In the new comedy Daddy’s Home, Will Ferrell plays Brad Whitaker, a loving, doting stepfather who takes pride in raising youngsters Megan (Scarlett Estevez) and Dylan (Owen Vaccaro) with wife Sara (Linda Cardellini). They’re the children he wasn’t able to father naturally due to infertility.
Brad’s been at it for years, but it’s never easy. At the outset of the film, he’s ecstatic when Dylan opens up and finally comes to him for advice.
But when bad boy biological dad Dusty Mayron (Mark Wahlberg) shows up in town and immediately garners all the love and attention Brad so desperately craves, stepdad Brad is demoted to a bench role.
This, I thought, was surprisingly deep and complex subject matter for a Will Ferrell comedy, and a situation that must be familiar to a good number of the film’s viewers, whether they identify with the kids or the parents.
Farrell’s Brad is a genuinely lovable good-guy dad, at least at the film’s outset, the kind any kid should be proud to call their father, regardless of genetics.
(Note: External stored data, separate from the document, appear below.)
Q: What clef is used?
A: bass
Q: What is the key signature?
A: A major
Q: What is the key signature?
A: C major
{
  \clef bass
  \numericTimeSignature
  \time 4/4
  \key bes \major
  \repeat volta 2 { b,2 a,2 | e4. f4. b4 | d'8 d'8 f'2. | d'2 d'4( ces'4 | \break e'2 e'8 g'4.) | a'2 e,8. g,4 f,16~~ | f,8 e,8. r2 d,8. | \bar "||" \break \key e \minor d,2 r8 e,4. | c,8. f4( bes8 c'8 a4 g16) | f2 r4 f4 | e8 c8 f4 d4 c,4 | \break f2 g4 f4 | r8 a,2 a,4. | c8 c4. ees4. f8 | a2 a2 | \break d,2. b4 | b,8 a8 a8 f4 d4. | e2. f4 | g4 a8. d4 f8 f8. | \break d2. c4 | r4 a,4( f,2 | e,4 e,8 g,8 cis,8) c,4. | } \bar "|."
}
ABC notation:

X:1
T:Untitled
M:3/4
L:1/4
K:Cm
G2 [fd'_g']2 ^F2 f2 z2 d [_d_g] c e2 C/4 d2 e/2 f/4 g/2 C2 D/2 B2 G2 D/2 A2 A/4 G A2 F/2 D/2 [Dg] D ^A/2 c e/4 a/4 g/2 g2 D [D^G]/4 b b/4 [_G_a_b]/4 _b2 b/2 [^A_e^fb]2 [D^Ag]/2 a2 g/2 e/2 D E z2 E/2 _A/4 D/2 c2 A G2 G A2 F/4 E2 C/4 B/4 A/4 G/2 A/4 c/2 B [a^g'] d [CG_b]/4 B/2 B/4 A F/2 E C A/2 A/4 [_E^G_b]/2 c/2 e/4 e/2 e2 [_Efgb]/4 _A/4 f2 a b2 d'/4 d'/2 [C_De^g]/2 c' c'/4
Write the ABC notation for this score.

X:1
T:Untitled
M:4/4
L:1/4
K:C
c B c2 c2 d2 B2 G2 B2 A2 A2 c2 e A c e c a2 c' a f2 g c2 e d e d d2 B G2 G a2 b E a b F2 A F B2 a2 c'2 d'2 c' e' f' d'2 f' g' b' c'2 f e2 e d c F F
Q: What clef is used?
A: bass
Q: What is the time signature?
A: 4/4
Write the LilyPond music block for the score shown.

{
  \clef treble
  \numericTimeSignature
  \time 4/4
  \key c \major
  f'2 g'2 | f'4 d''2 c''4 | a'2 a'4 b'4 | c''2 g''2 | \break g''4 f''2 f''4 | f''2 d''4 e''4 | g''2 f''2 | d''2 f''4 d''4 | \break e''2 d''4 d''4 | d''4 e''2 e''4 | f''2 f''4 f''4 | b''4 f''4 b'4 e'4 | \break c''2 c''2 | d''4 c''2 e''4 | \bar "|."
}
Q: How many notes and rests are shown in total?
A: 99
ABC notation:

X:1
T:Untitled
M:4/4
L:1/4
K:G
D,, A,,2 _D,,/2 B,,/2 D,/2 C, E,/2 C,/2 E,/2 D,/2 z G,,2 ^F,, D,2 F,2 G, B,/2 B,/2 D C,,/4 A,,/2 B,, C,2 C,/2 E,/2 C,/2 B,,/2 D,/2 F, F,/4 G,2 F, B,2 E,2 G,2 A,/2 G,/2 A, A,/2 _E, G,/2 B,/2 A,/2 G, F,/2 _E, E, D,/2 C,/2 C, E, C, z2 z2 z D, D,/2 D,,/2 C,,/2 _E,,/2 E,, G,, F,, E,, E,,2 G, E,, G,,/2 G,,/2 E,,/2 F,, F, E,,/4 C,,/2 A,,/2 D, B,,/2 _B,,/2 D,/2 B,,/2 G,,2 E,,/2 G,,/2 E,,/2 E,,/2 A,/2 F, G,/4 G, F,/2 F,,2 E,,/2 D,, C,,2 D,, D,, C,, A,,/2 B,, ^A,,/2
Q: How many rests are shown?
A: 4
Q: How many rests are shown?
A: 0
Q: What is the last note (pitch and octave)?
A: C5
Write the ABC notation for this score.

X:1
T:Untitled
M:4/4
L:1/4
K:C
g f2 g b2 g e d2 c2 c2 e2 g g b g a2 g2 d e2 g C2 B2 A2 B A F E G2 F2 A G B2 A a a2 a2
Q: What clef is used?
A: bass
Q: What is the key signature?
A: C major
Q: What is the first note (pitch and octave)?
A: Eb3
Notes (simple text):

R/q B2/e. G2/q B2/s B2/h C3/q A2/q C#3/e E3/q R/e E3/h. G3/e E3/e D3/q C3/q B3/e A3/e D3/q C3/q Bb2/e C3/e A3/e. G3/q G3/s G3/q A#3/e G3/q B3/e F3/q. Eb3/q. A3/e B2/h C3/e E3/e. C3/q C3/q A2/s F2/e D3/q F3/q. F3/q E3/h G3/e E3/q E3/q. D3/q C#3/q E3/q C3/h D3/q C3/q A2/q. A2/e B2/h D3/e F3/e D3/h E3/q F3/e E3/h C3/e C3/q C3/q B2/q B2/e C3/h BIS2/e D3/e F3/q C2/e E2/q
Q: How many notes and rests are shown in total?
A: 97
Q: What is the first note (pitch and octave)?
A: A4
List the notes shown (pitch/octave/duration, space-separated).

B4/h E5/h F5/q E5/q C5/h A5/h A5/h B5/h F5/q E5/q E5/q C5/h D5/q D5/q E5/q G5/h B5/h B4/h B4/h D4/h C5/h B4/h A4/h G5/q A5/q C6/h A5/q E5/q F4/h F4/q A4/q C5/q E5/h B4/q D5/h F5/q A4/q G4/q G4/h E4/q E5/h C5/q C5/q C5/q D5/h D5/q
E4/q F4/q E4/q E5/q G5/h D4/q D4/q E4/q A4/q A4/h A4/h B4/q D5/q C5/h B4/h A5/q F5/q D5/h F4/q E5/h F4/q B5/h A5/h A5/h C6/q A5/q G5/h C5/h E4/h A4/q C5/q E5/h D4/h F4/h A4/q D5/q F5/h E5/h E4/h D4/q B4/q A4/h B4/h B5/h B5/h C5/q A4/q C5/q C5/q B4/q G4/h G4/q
The story of how Brad ultimately wins his affection of his young stepchildren, while coming to terms with the fact that he can never truly replace their biological father, might make for touching subject matter.
Of course, this is also a Will Ferrell comedy, directed by the guy who previously made Horrible Bosses 2 and That’s My Boy.
You know what that means: a dad vs. dad rivalry full of slapstick violence, machismo posturing, drunken debauchery, a present-buying competition for love, and the kind of sitcom contrivance that results in bad dad Dusty actually living with the new family years after bailing out on his wife and kids.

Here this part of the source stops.